- Origin: Failsworth, Greater Manchester, England
- Genres: Alternative rock; indie rock;
- Years active: 1991–2013; 2024–present;
- Labels: Island; 2 Damn Loud; Reaction; Caserta Red;
- Members: James Mudriczki Kevin Matthews Tony Szuminski Lowell Killen (2003–)
- Past members: Neil McDonald (1991–2003)
- Website: puressenceofficial.com

= Puressence =

English rock band

Puressence are an English indie rock band, formed in 1991 in Failsworth, Greater Manchester.

==History==
James Mudriczki, Neil McDonald, Anthony Szuminski and Kevin Matthews met on a bus on their way to watch The Stone Roses play at Spike Island on 27th May 1990.

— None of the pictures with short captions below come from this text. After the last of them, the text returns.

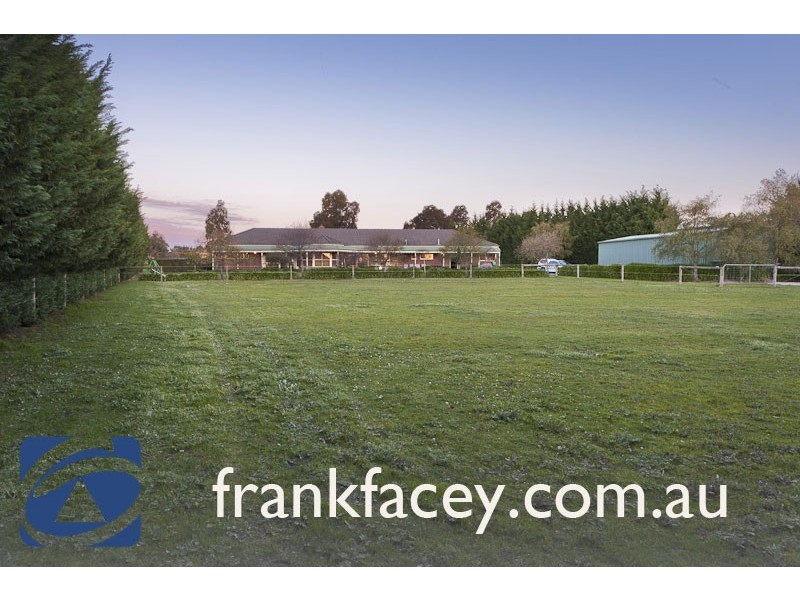 14 Pinehill Drive, Pakenham VIC 3810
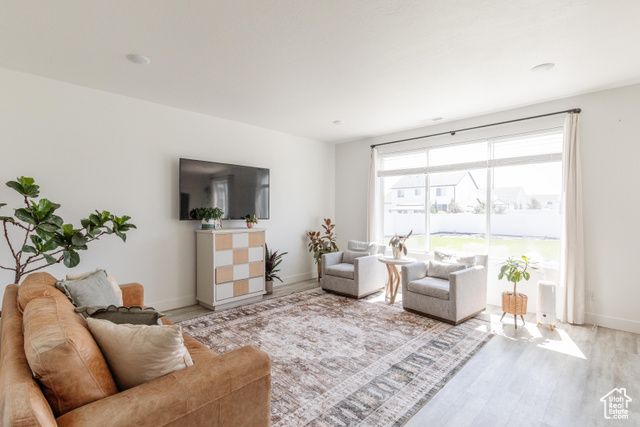 676 E 1100 S, Hyrum, UT 84319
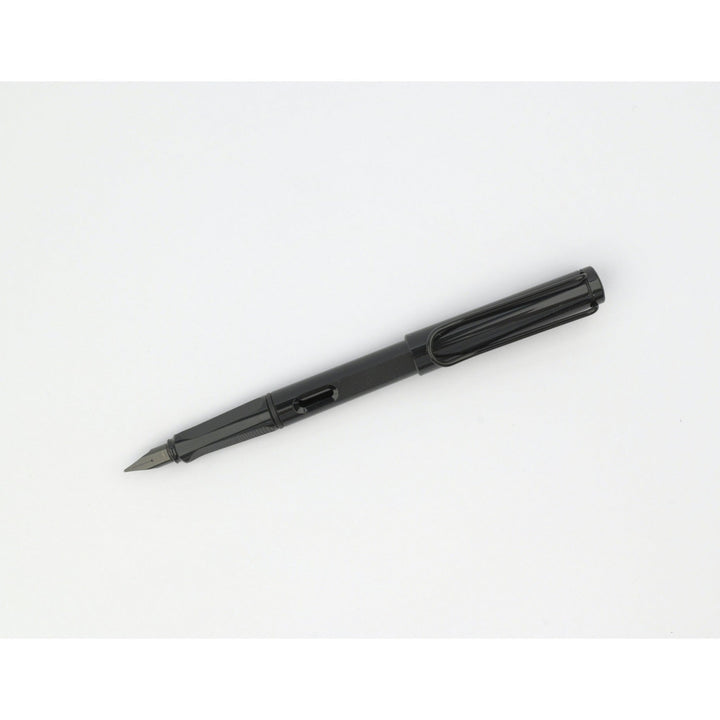 LAMY Safari Fountain Pen Meteorite special edition 2026 - uncapped, angled view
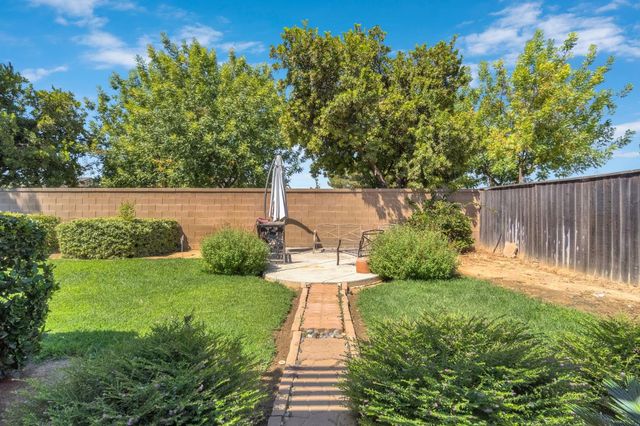 4203 N Bain Avenue, Fresno, CA 93722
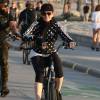 Exclusif - Madonna fait du vélo à Santa Monica, le 18 octobre 2015.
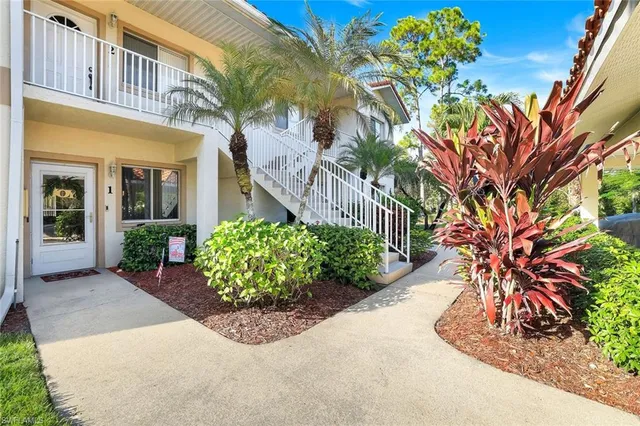 $270,000 | 610 Luisa Court, Unit 8021, Naples, FL 34104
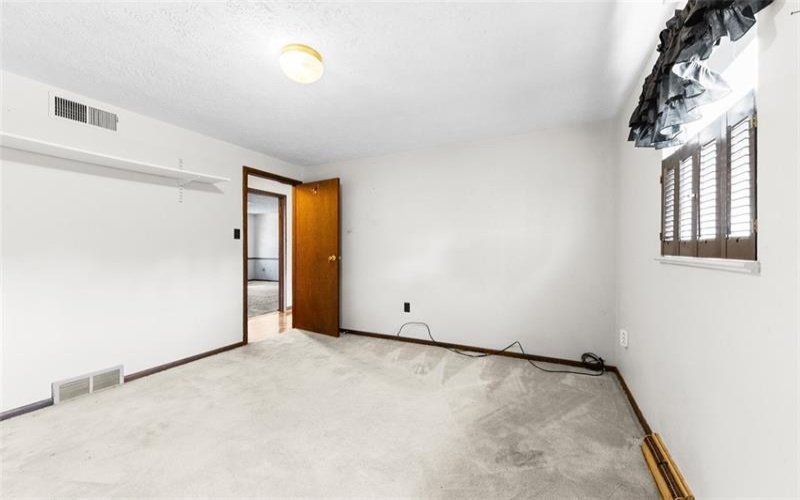502 Saint Thomas Drive, Greensburg, 15601, 5 Bedroom Bedrooms, 10 Room Rooms,2.1 BathroomBathrooms,Residential,For Sale,Saint Thomas Drive,1772727
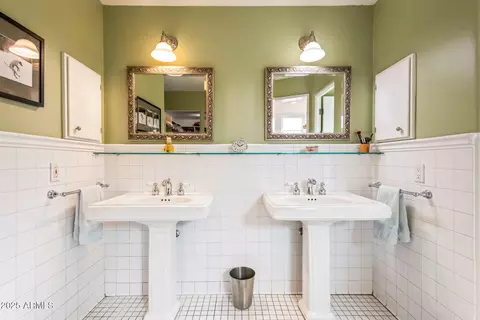 331 W Cambridge Ave, Phoenix, AZ 85003 photo 7
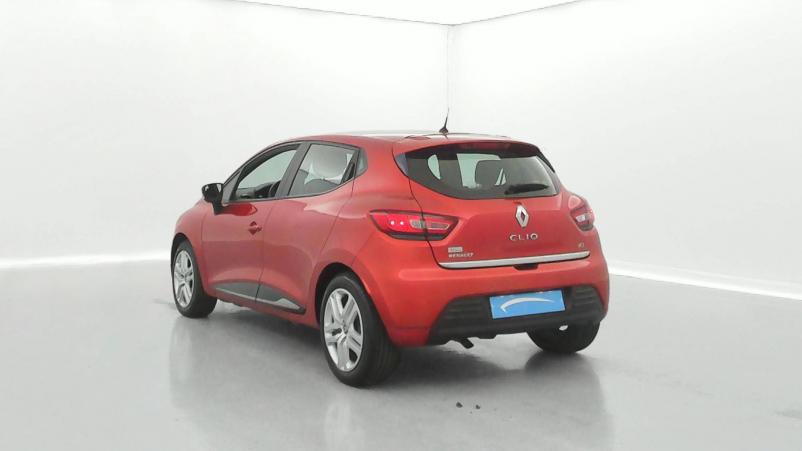 Vente en ligne Renault Clio 4 Clio dCi 90 Energy eco2 82g au prix de 11 990 €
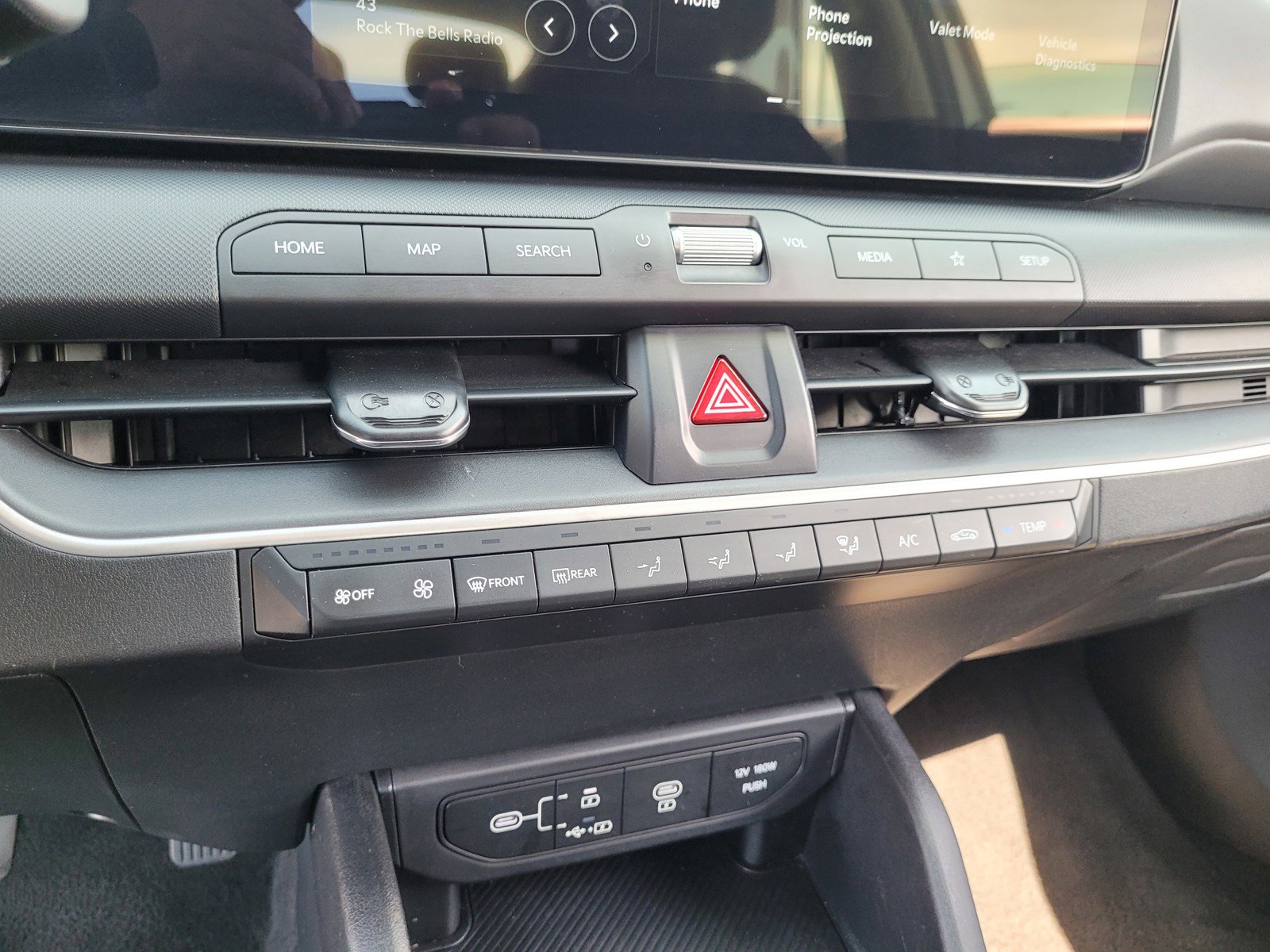 Used 2025 Kia K4 LXS image 18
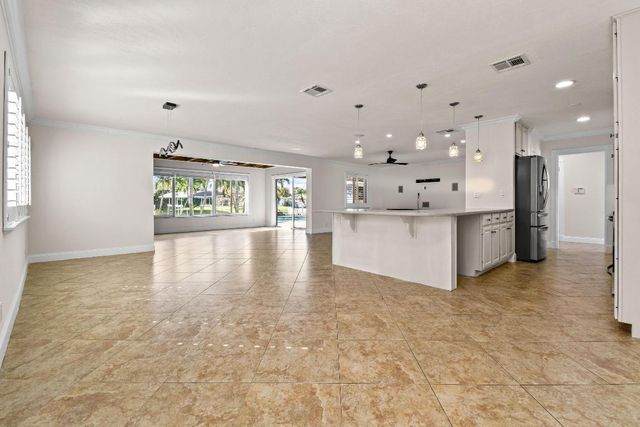 1404 Alpha Court S, Lake Clarke Shores, FL 33406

Through much practice their music developed and they decided on the name 'Presence'. Their first gig as a band was at the 701 Club in their hometown of Failsworth, Greater Manchester on 23rd February 1991.

The band later settled on the name Puressence. A name instantly identified by most Mancunians in the early 1990s for the paper letters 'P'-'U'-'R'-'E'-'S'-'S'-'E'-'N'-'C'-'E', which were plastered around Manchester city centre, on derelict buildings, and on bridges (the most notable being the railway bridge opposite the Haçienda). Manchester independent record label 2 Damn Loud released two singles and there was a further single with Rough Trade Singles Club. The band played a series of gigs at Manchester's In The City festival early in the 1990s.

The big breakthrough came a couple of years later, when the band signed to Island Records.

Their debut album Puressence was released on 29th April 1996. The album spawned five singles. Regular touring around the UK and Europe was followed by their second album Only Forever in 1998, which reached the UK top 40 and spawned the chart hit ‘This Feeling’. This helped the band appear on television programmes such as TFI Friday and Soccer AM. BBC Radio 1 DJ Simon Mayo made this his single of the week and it received airplay on numerous radio stations around the UK.

Planet Helpless was released in 2002 and was a huge success in Greece, reaching number 4 in the album charts. The official video for the top 40 single ‘Walking Dead’ featured Mani (The Stone Roses / Primal Scream) and Bez (Happy Mondays), the song also featured on Sky Sports and in the video game Hitman. Puressence toured this album in Greece with huge shows supporting Suede and Iggy Pop.

In August 2003, after more than ten years with Puressence, guitarist and founder member McDonald left the band and has since gone on to form the band Juno Ashes. He was replaced by Lowell Killen, who is originally from the Isle of Man. He has played in other bands and left Manchester band Dry Riser to join Puressence.

In 2004, the band played at The Witchwood in Ashton-under-Lyne.

In 2006, the band released a single titled "Palisades" on new Manchester label Reaction, followed by an album, Don't Forget To Remember, in September 2007. This attracted interest in America and was chosen to launch the new iTunes homepage. Within a week the album had entered the Top 30 outselling the likes of Foo Fighters and Led Zeppelin.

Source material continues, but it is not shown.